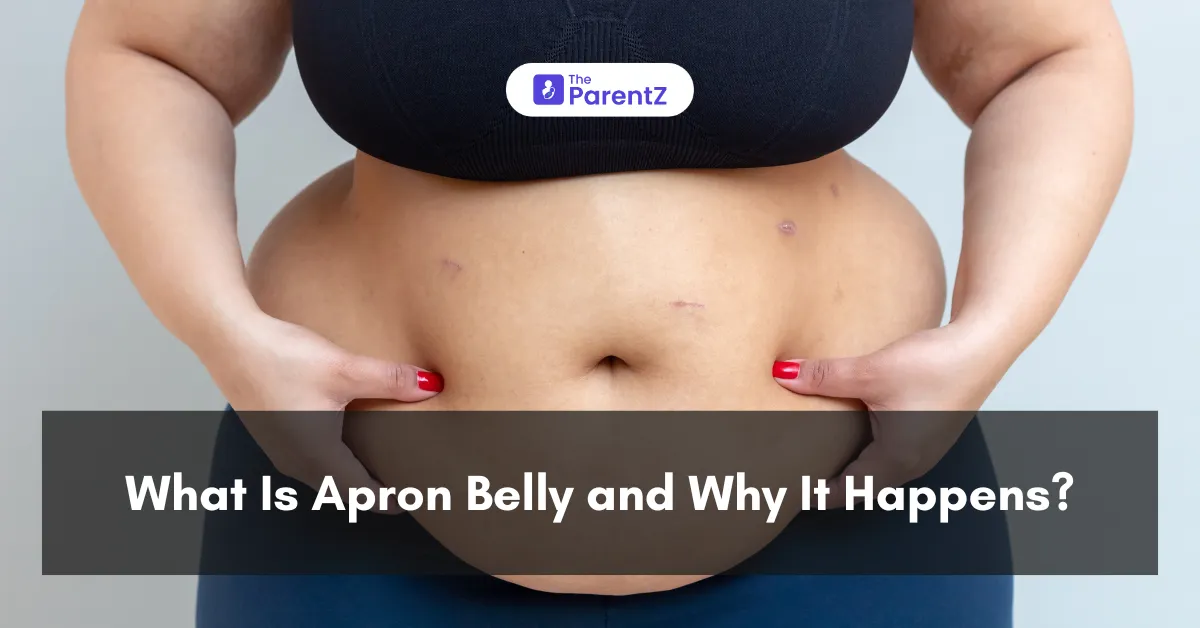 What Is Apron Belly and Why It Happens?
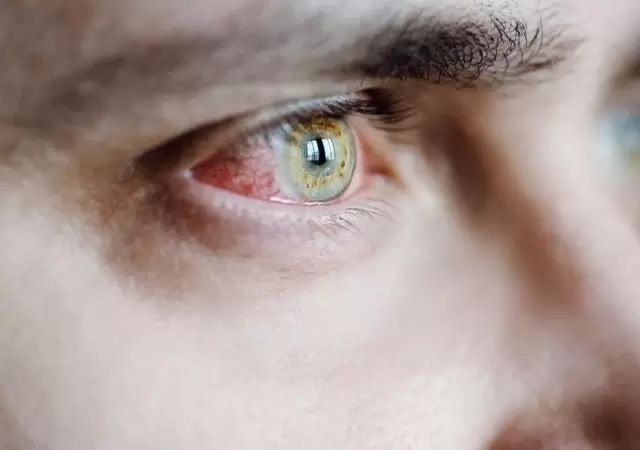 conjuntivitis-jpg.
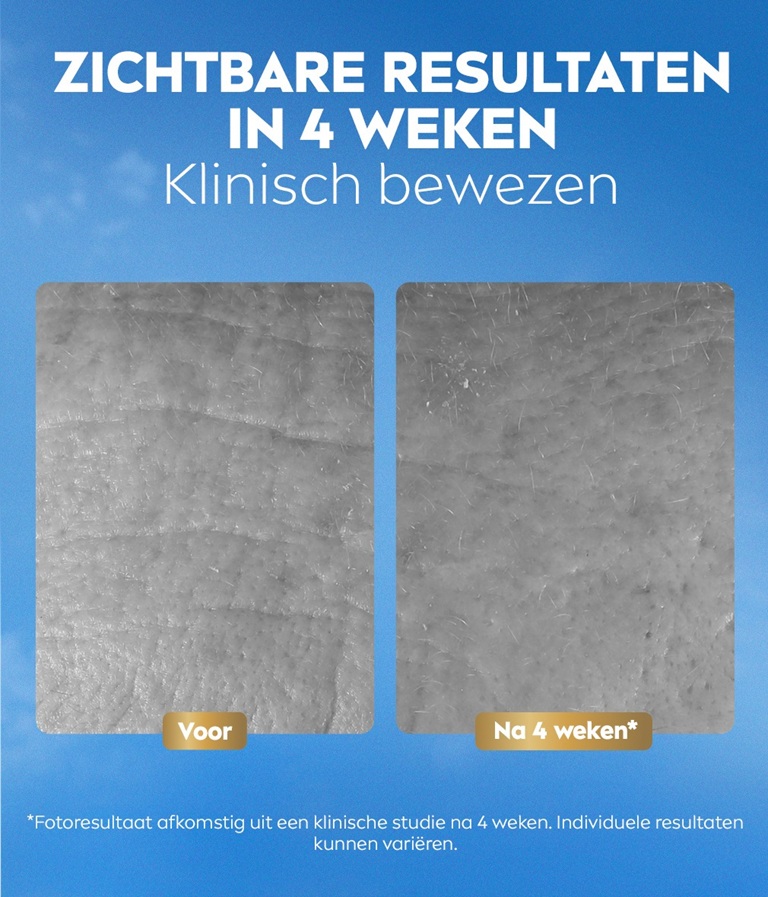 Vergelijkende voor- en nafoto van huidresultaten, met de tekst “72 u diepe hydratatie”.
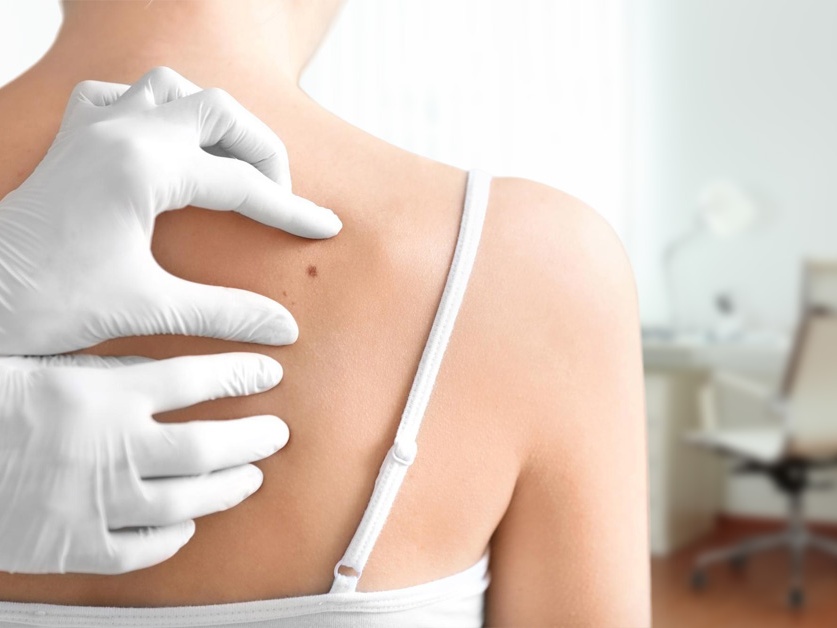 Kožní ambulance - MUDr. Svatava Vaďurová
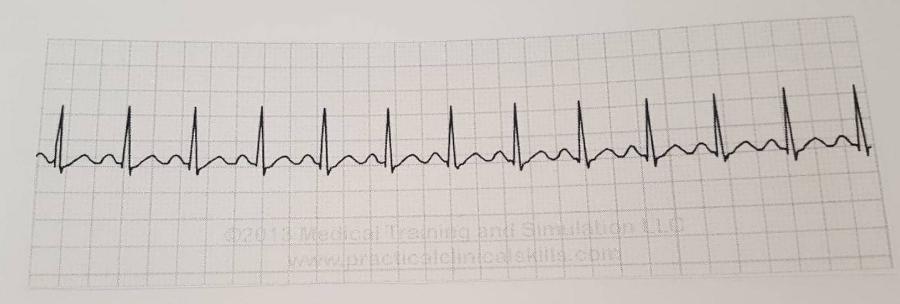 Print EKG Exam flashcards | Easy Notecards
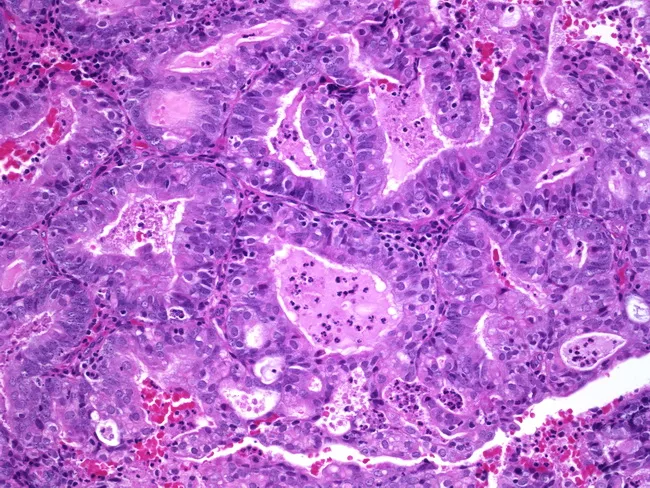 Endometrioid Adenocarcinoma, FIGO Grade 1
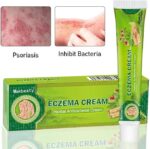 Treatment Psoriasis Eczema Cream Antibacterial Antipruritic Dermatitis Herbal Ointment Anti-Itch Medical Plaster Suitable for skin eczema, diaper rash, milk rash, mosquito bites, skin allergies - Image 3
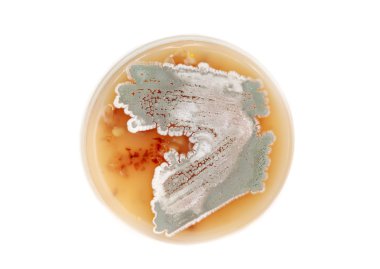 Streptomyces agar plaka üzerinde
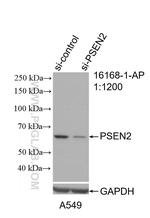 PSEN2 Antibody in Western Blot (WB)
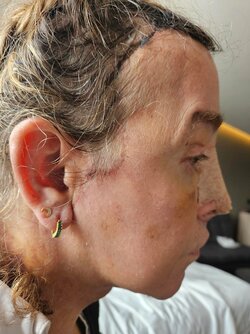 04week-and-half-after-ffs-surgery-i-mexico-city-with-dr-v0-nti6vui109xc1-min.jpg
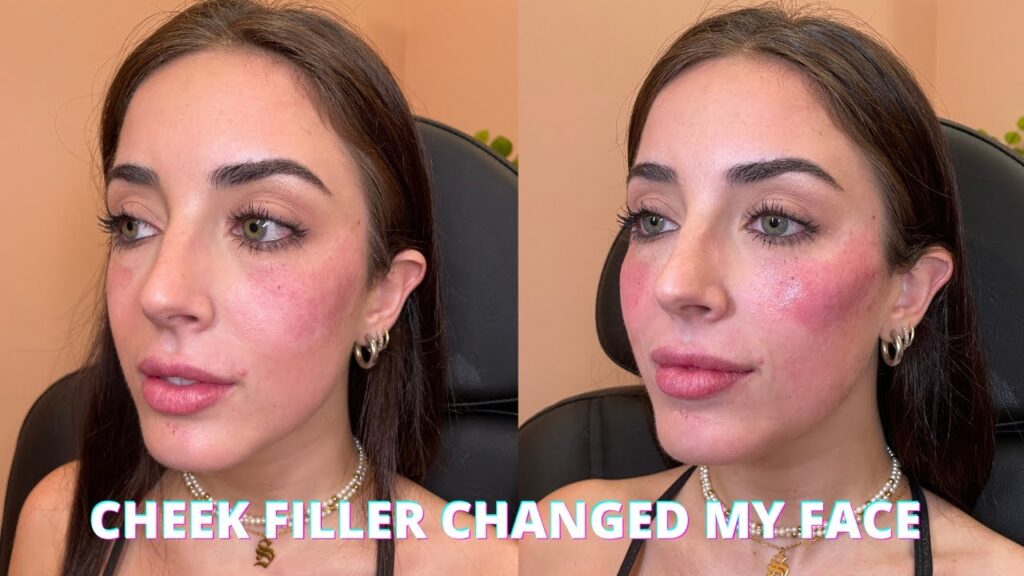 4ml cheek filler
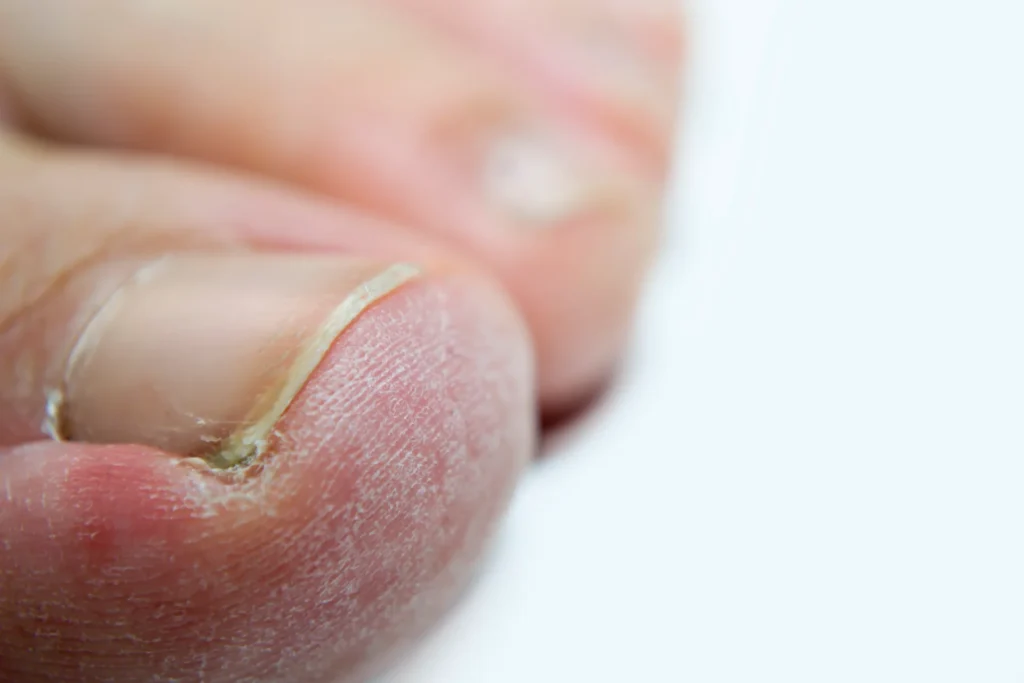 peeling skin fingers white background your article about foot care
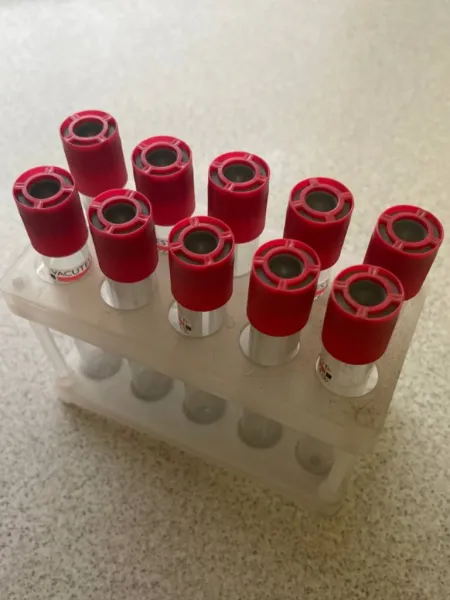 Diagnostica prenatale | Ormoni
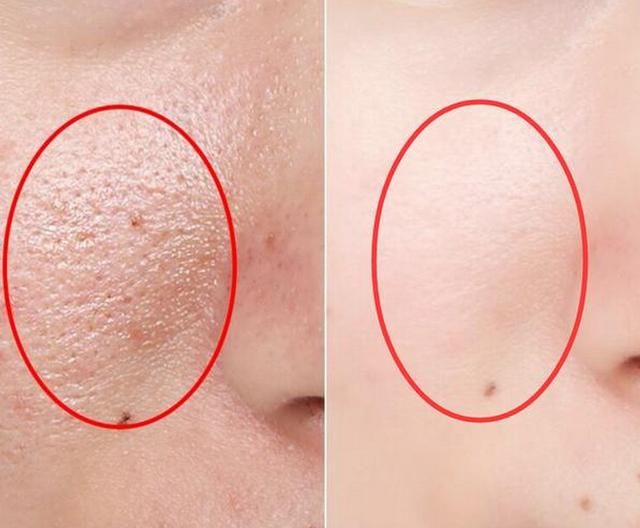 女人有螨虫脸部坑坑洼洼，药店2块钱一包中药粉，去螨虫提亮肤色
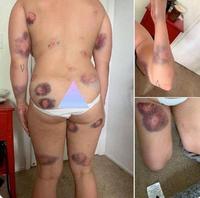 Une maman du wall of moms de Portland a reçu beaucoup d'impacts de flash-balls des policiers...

======

- **Work to be completed**: Transcribe exactly the lines from the one with "PSEN2 Antibody in Western Blot (WB)" to the last line of the records, both included, so that no picture appears in the copy.

- **Output of the task**:
 PSEN2 Antibody in Western Blot (WB)
 04week-and-half-after-ffs-surgery-i-mexico-city-with-dr-v0-nti6vui109xc1-min.jpg
 4ml cheek filler
 peeling skin fingers white background your article about foot care
 Diagnostica prenatale | Ormoni
 女人有螨虫脸部坑坑洼洼，药店2块钱一包中药粉，去螨虫提亮肤色
 Une maman du wall of moms de Portland a reçu beaucoup d'impacts de flash-balls des policiers...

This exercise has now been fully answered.